- **Task**
Every entry should be duplicated verbatim, and no picture may appear in the copy.

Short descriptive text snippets
^^^^^^^^

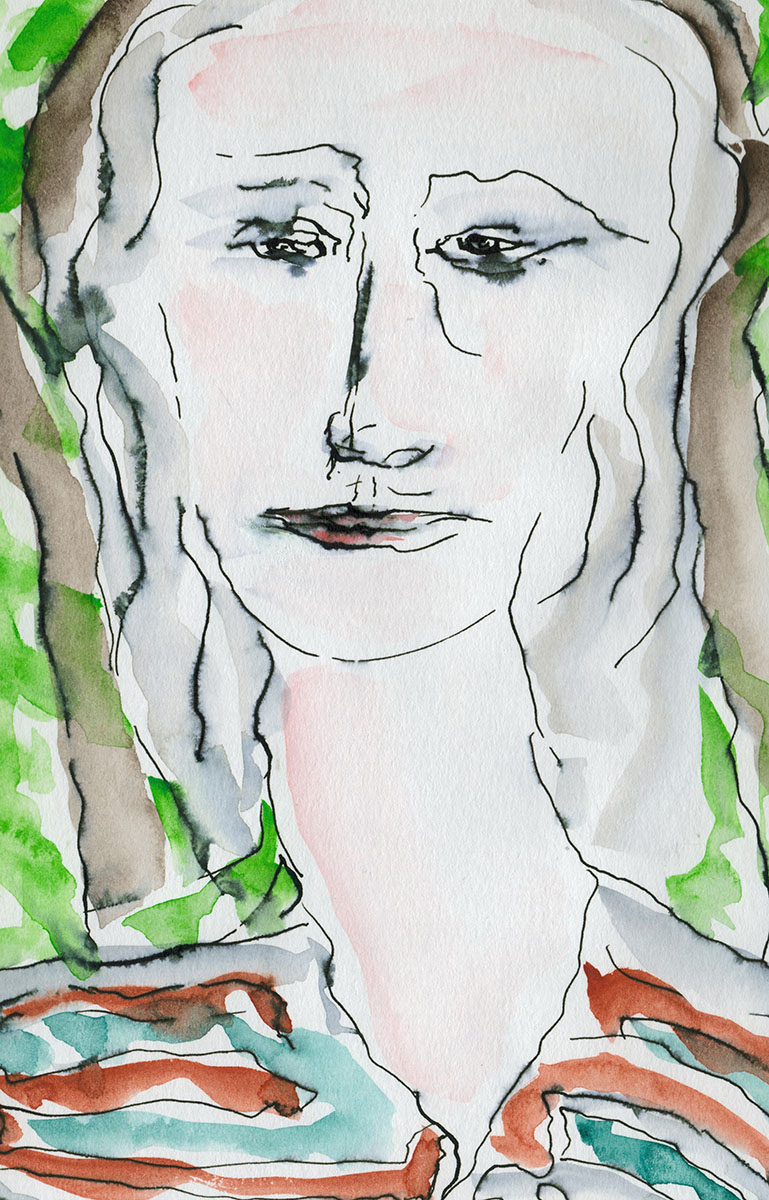 De Belgische kunstenaar Antoine Juliens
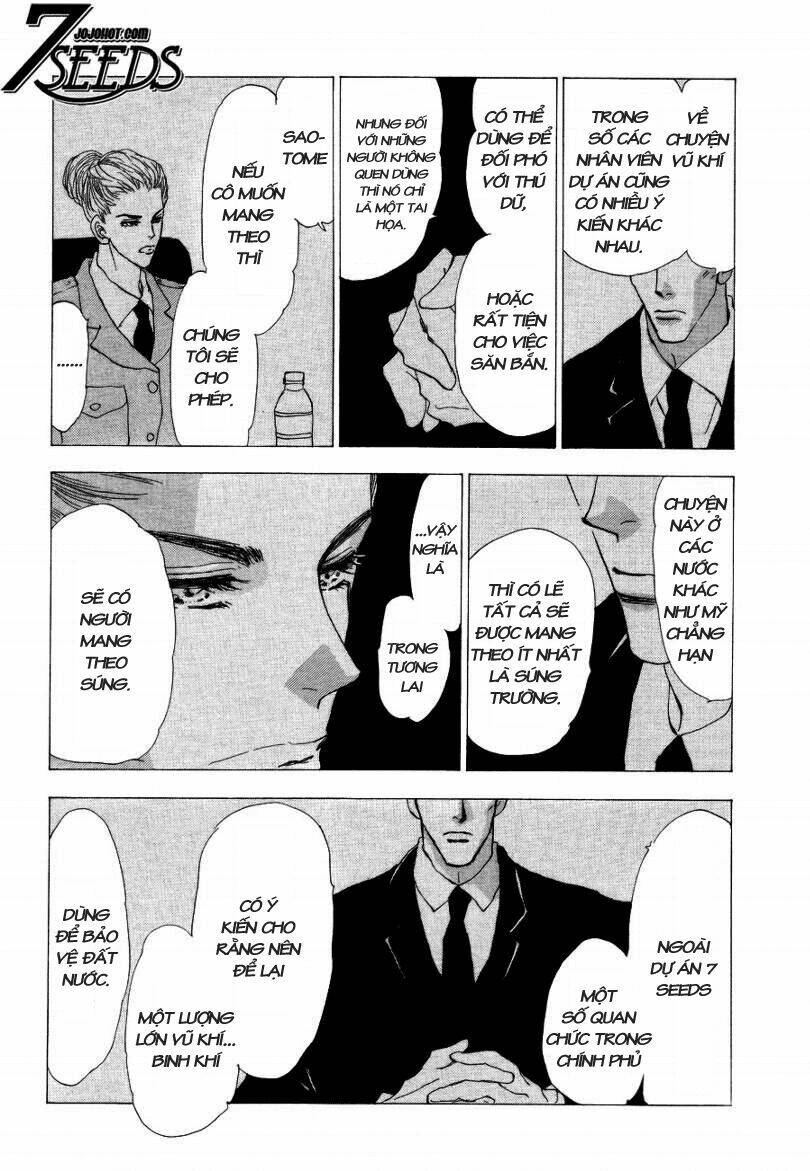 7 Mầm Sống Chapter 92 - Trang 2
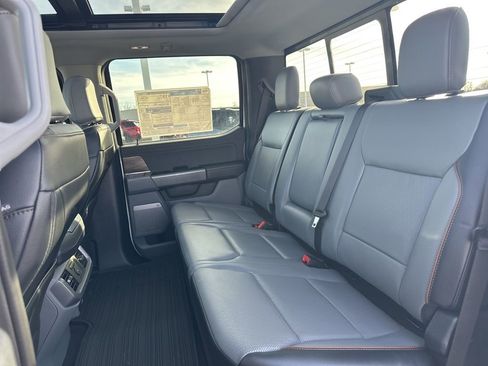 New 2025 Ford F150 Lariat w/ Equipment Group 502A High image 20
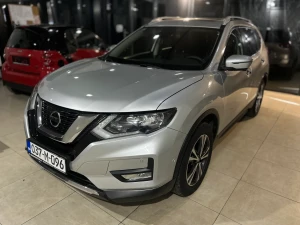NISSAN X-TRAIL 1.6 DiG N-CONN SUN, 2019 GOD, 1 VLASNIK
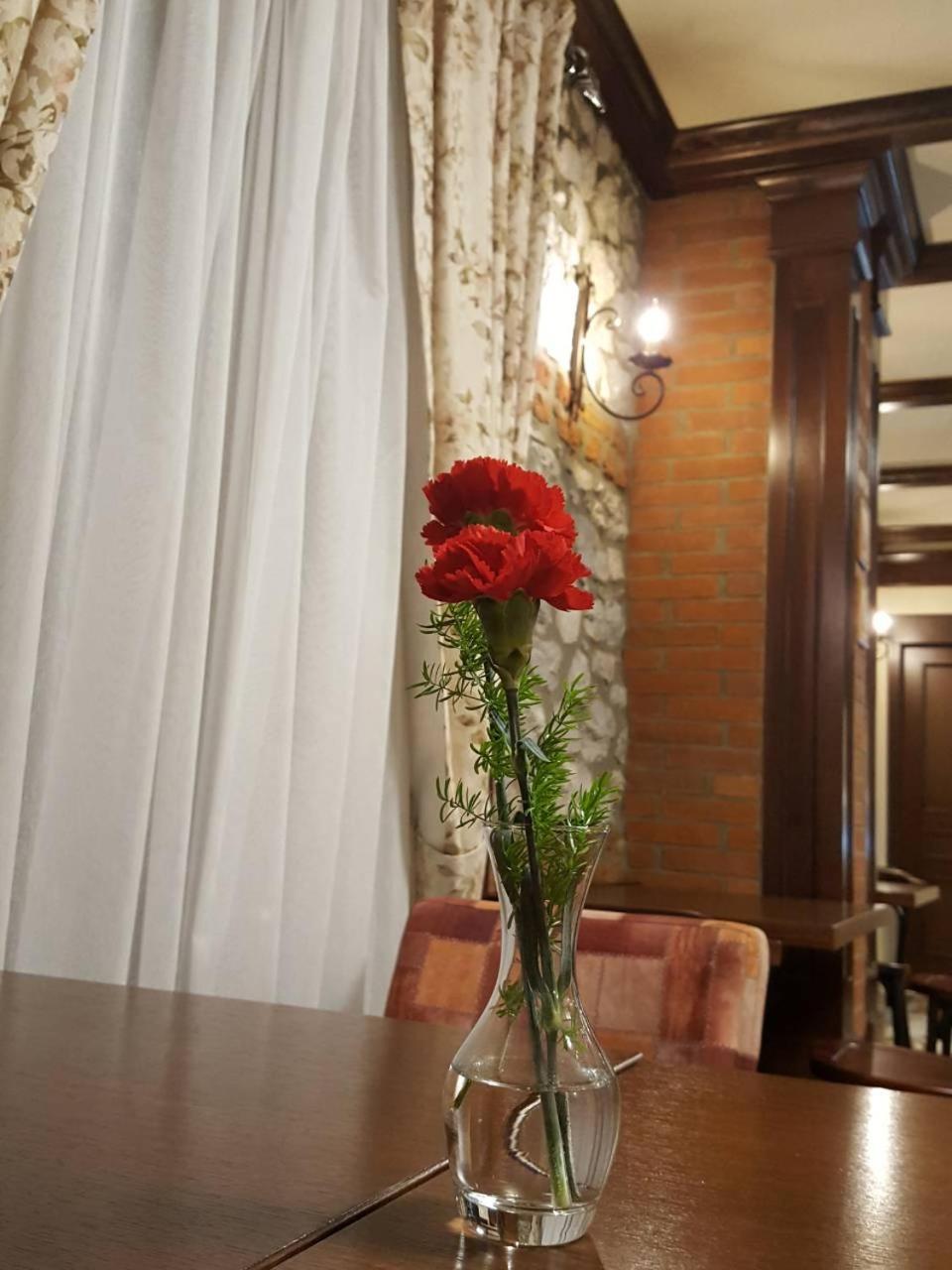 Vila Dante Boutique Hotel Tushemisht Kültér fotó
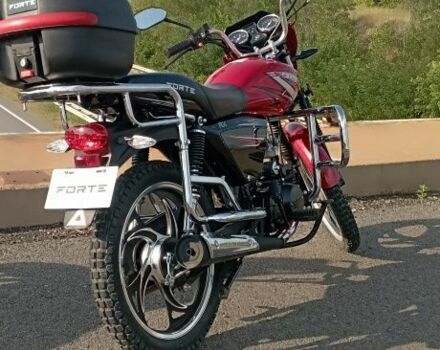 Форте Другая, объемом двигателя 0.13 л и пробегом 0 тыс. км за 592 $, фото 7 на Automoto.ua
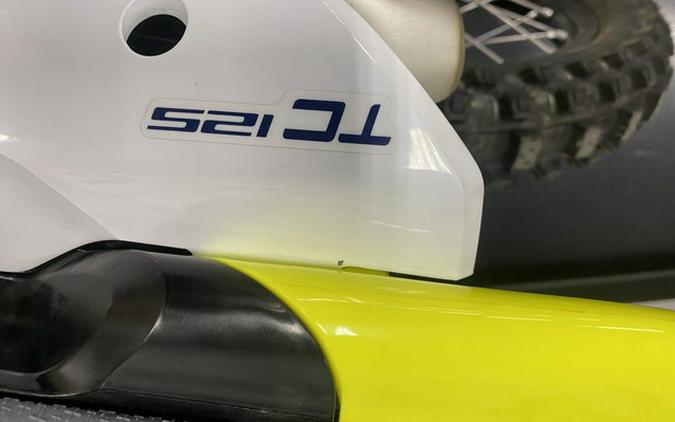 2024 Husqvarna TC 125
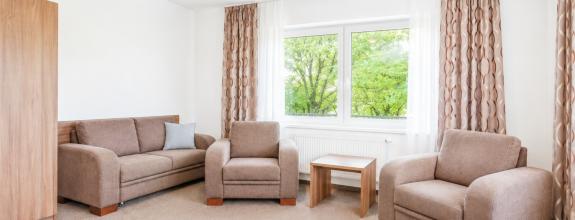 ABSOLUTE REAL / Útulný 2i apartmán v BA – Petržalke, Betliarska ul., bazén, posilňovňa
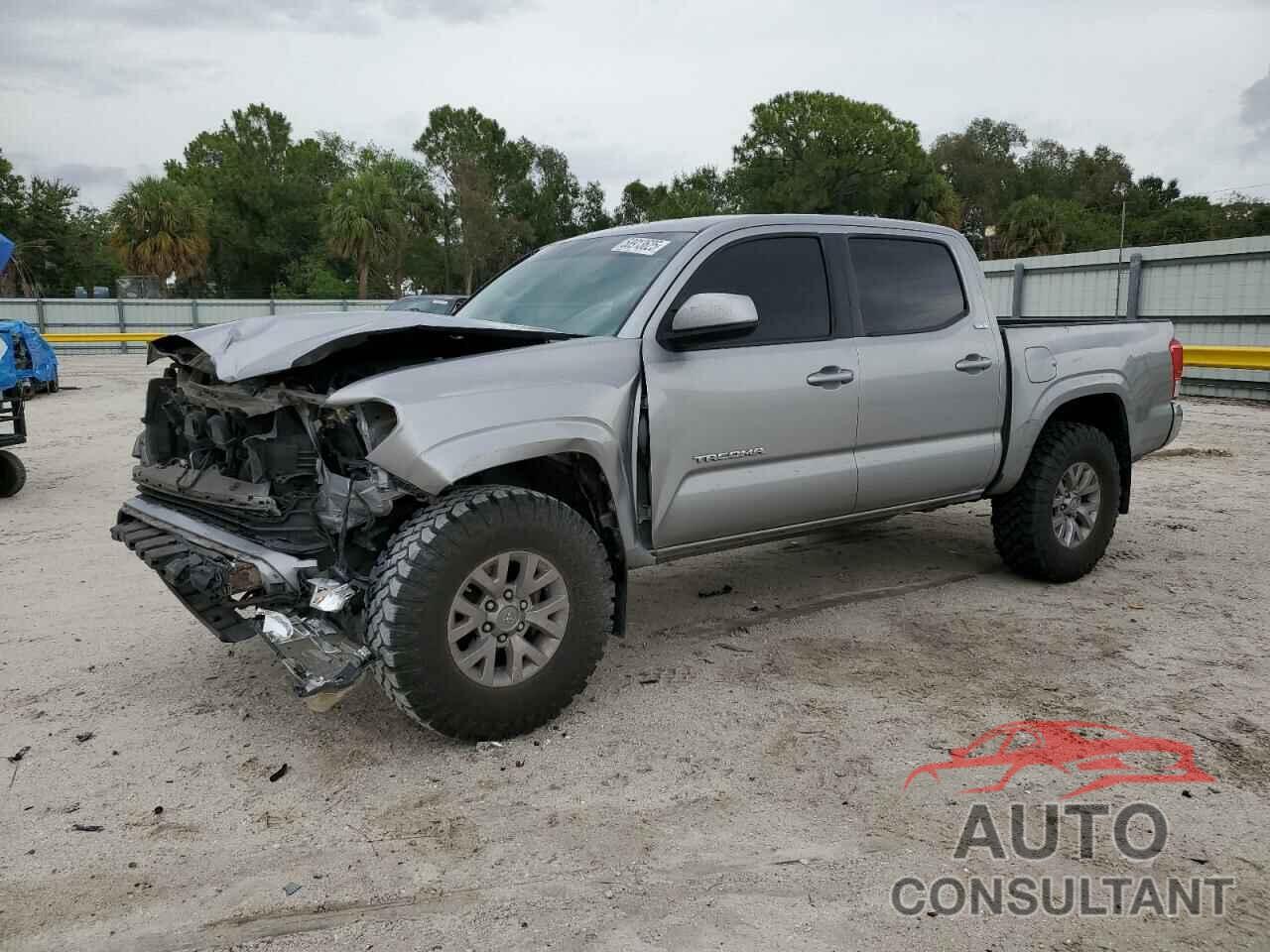 TOYOTA TACOMA 2016 - 3TMAZ5CN9GM016834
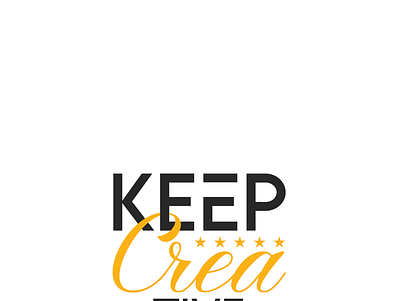 keep crea t-shirt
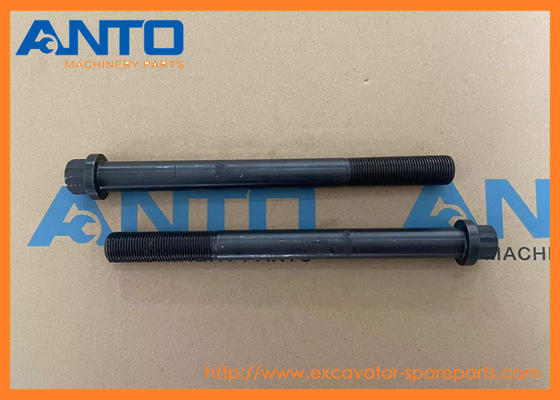 124-1854 1241854 Bagian Kepala Silinder Bolt Excavator Untuk C18 385C 390D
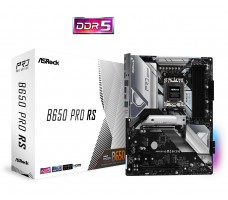 Asrock B650 Pro RS AMD B650 Sokkel AM5 ATX
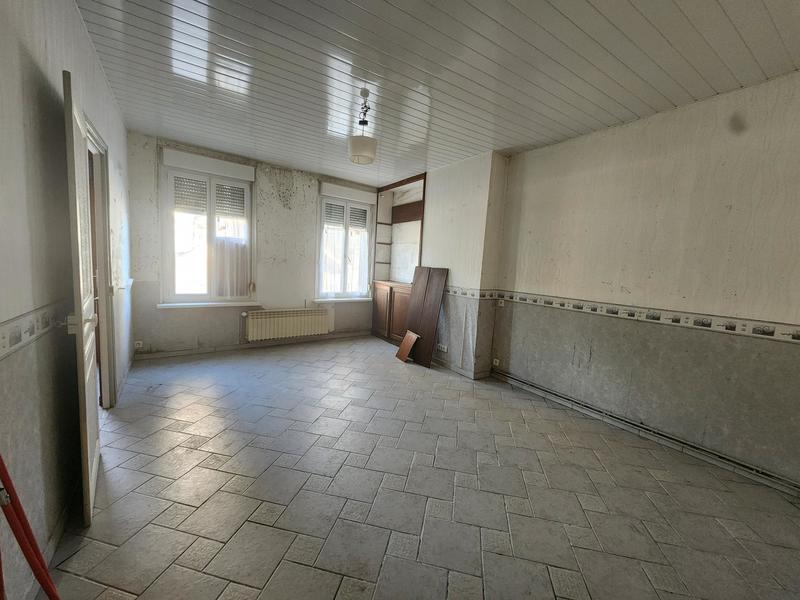 Maison - 120 m² - 4 pièces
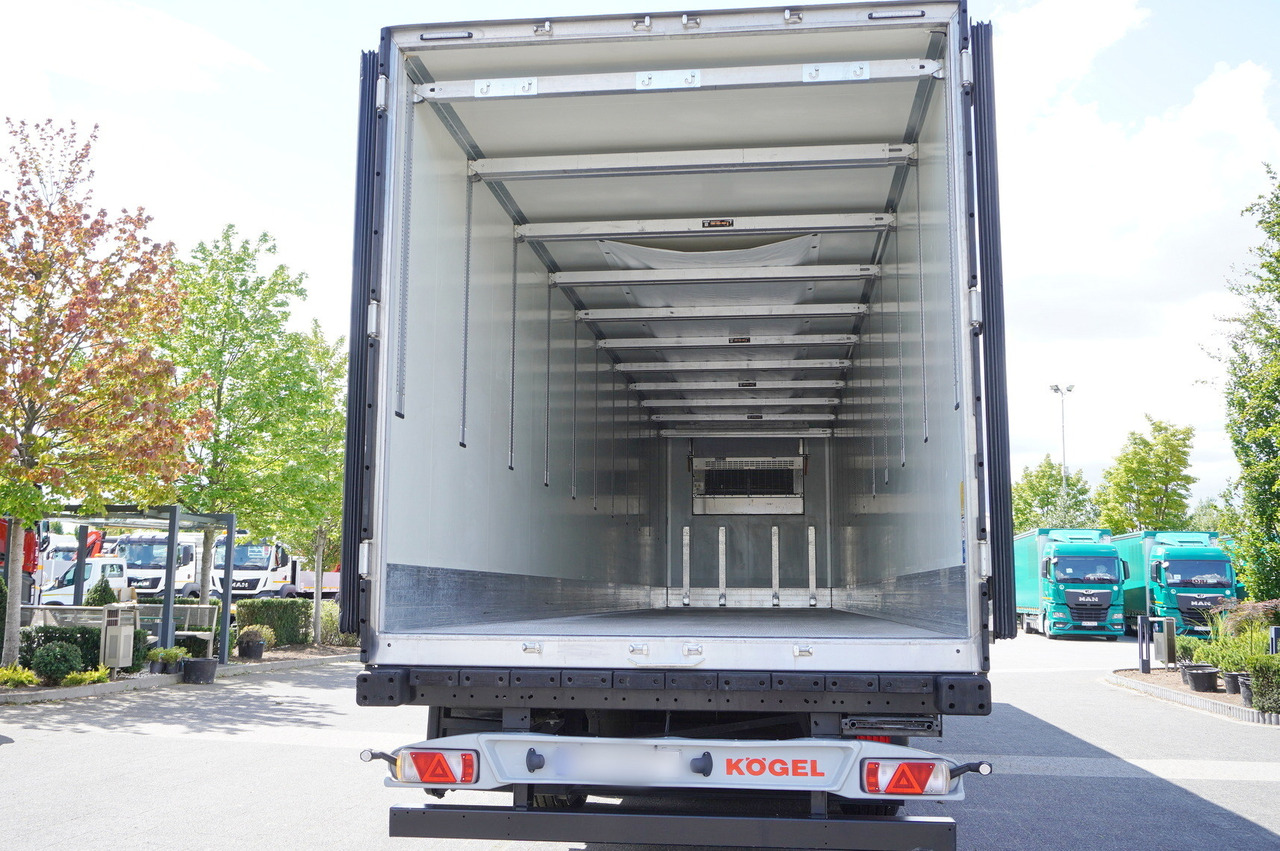 KÖGEL S24 refrigerator semi-trailer / 2023 / Carrier Vector 1550 / Doppelstock / several units - Semiremorcă frigider: Foto 5 KÖGEL S24 refrigerator semi-trailer / 2023 / Carrier Vector 1550 / Doppelstock / several units - Semiremorcă frigider: Foto 5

^^^^^^^^

- **Output of the exercise**
 De Belgische kunstenaar Antoine Juliens
 7 Mầm Sống Chapter 92 - Trang 2
 New 2025 Ford F150 Lariat w/ Equipment Group 502A High image 20
NISSAN X-TRAIL 1.6 DiG N-CONN SUN, 2019 GOD, 1 VLASNIK
 Vila Dante Boutique Hotel Tushemisht Kültér fotó
 Форте Другая, объемом двигателя 0.13 л и пробегом 0 тыс. км за 592 $, фото 7 на Automoto.ua
 2024 Husqvarna TC 125
 ABSOLUTE REAL / Útulný 2i apartmán v BA – Petržalke, Betliarska ul., bazén, posilňovňa
 TOYOTA TACOMA 2016 - 3TMAZ5CN9GM016834
 keep crea t-shirt
 124-1854 1241854 Bagian Kepala Silinder Bolt Excavator Untuk C18 385C 390D
 Asrock B650 Pro RS AMD B650 Sokkel AM5 ATX
 Maison - 120 m² - 4 pièces
 KÖGEL S24 refrigerator semi-trailer / 2023 / Carrier Vector 1550 / Doppelstock / several units - Semiremorcă frigider: Foto 5 KÖGEL S24 refrigerator semi-trailer / 2023 / Carrier Vector 1550 / Doppelstock / several units - Semiremorcă frigider: Foto 5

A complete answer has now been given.